Transcribe exactly, and only, the lines running from the one that contains "Teddy Curly Wool" through the last line of the material. No pictures.

▸ **GIVEN DATA**:
● ● ● ● ● ● ●

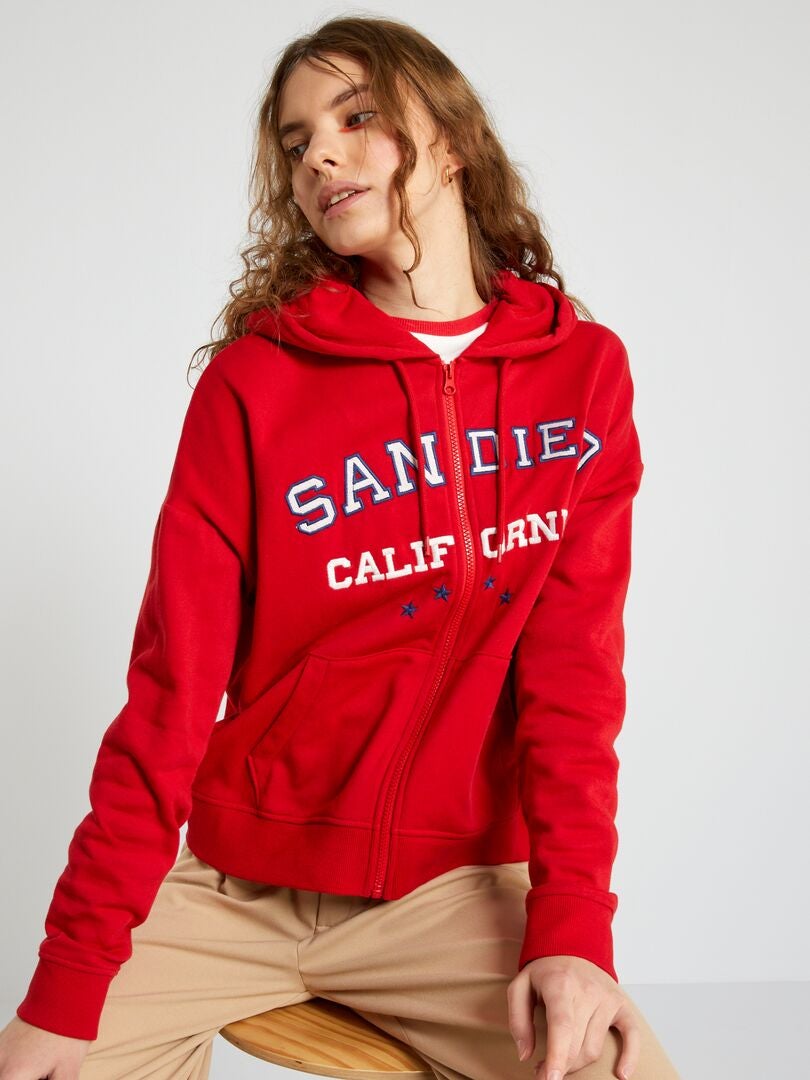 Felpa con cappuccio stampata 'USA' ROSSO - Kiabi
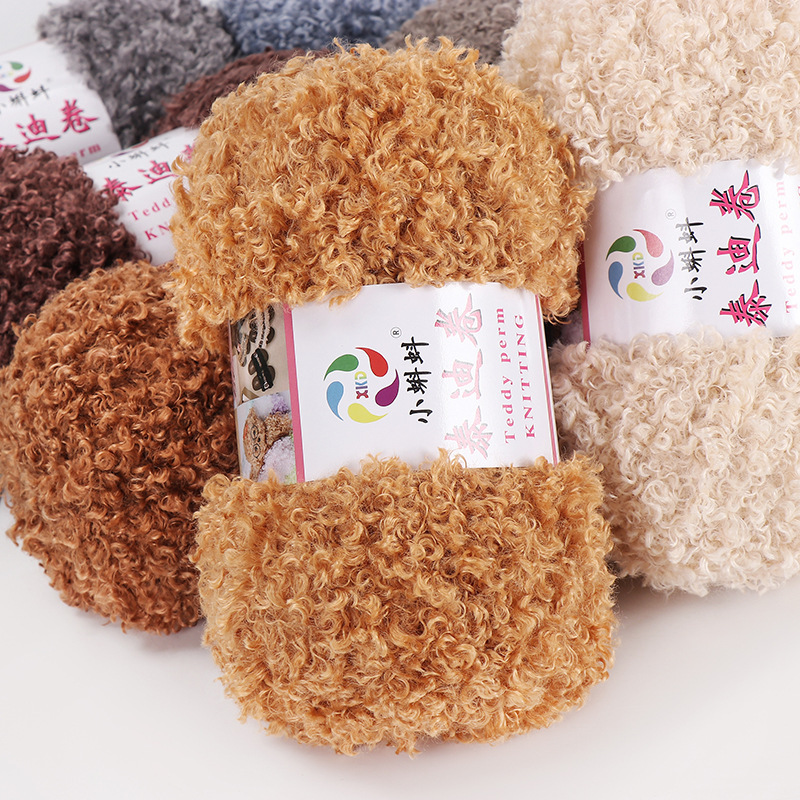Teddy Curly Wool Handmade DIY Wool Loop Coil Velvet Special Doll Thread Crochet Thread Hand Knitted Scarf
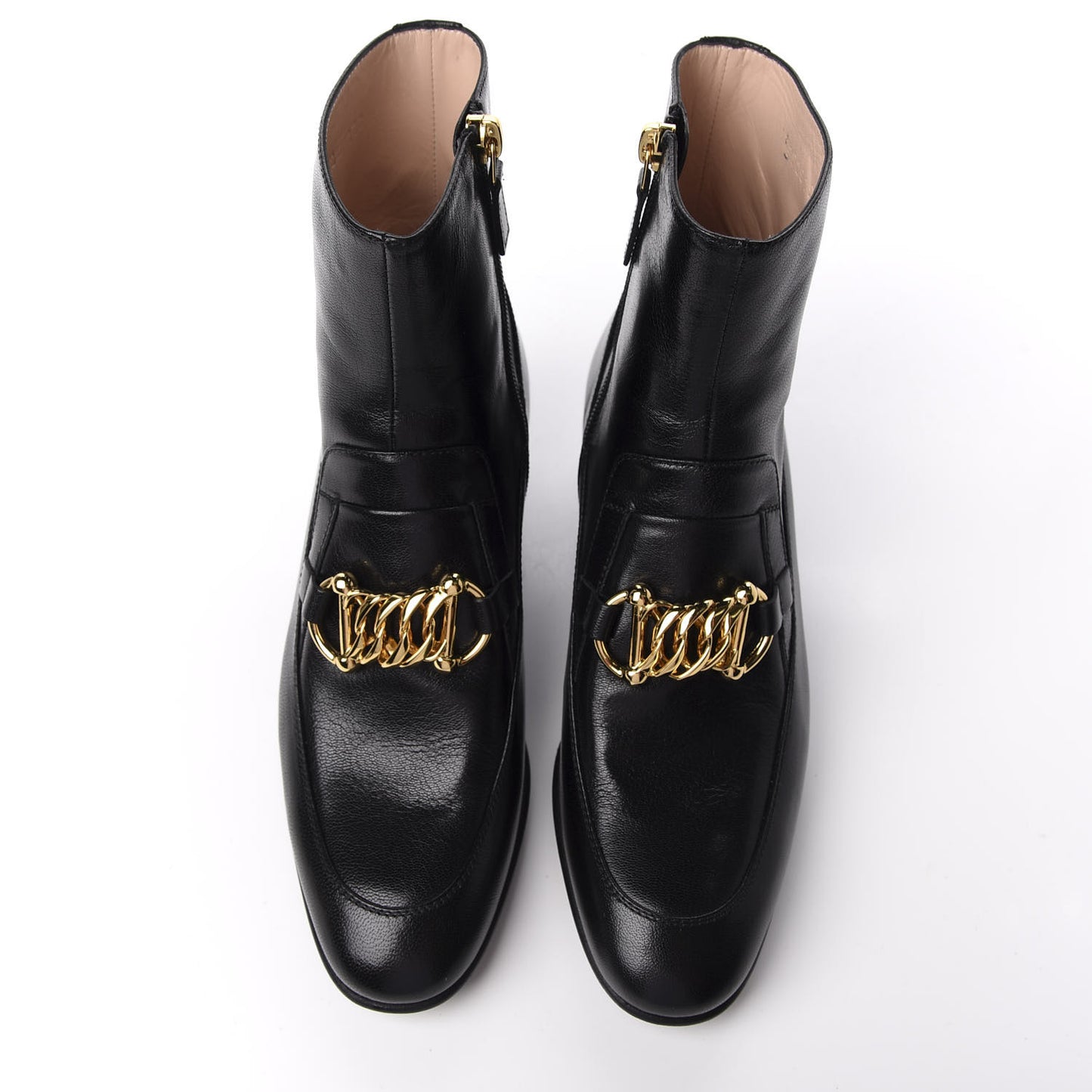 Goatskin Kitten Chain Horsebit Ankle Boots 38 Black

● ● ● ● ● ● ●

▸ **ANSWER BELOW**:
Teddy Curly Wool Handmade DIY Wool Loop Coil Velvet Special Doll Thread Crochet Thread Hand Knitted Scarf
 Goatskin Kitten Chain Horsebit Ankle Boots 38 Black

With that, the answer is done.